Saat berbuka, air bening bersuhu ruang tanpa tambahan gula mengalir menyejukkan kerongkongan. Menyantap tiga butir kurma bermanfaat mengembalikan kebugaran tubuh.
Setelah itu barulah saya menyantap buah dipotong-potong. Atau, lebih dulu menunaikan salat Maghrib.
Kegiatan terakhir adalah makan hidangan utama, yang tidak berbeda dengan makanan sehari-hari. Nasi merah, sayur rebus atau kukus, tempe tahu atau ikan kukus. Hanya ada sedikit garam dan tidak memakai penyedap buatan.
Saya tidak anti makanan digoreng dan yang enak.

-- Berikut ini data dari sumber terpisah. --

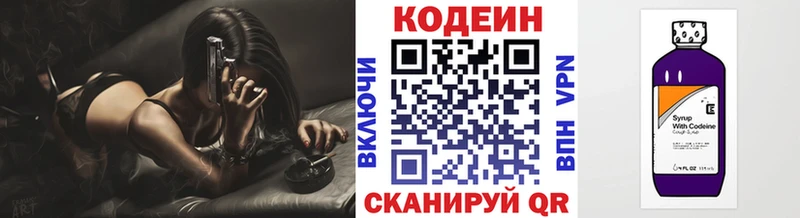 Купить закладки  Верхотурье  Кодеин Purple Drank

Selama Ramadan makan gorengan, kalau ada, sedikit. Ada makanan yang digoreng seperti daging goreng, kerupuk. Atau, bikin bakwan yang tentu saja dimatangkan di minyak sawit panas.
Sekali-kali membeli masakan matang dari warung penjual, atau dari penjual keliling. Dapat diduga, ada tumisan. Ada penggunaan penyedap buatan dalam pengolahannya
Sementara ini, tidak terpikirkan untuk makan di luar semisal memenuhi ajakan acara buka bersama. Tidak juga terbersit keinginan sengaja pergi ke tempat makan untuk berbuka. Saya tidak bakal mampu berebut untuk mendapatkan makanan.
Hidangan untuk sahur makanan yang biasa saya santap. Tidak ada tambahan Istimewa, tapi tetap terasa nikmat.
Bagi saya, cukup menikmati hidangan tersedia di rumah untuk berbuka dan makan sahur. Menikmati setiap suapan dan kunyahan dengan rasa syukur. Barangkali keadaan ini disebut dengan mindful eating. Mungkin, ya. Entahlah.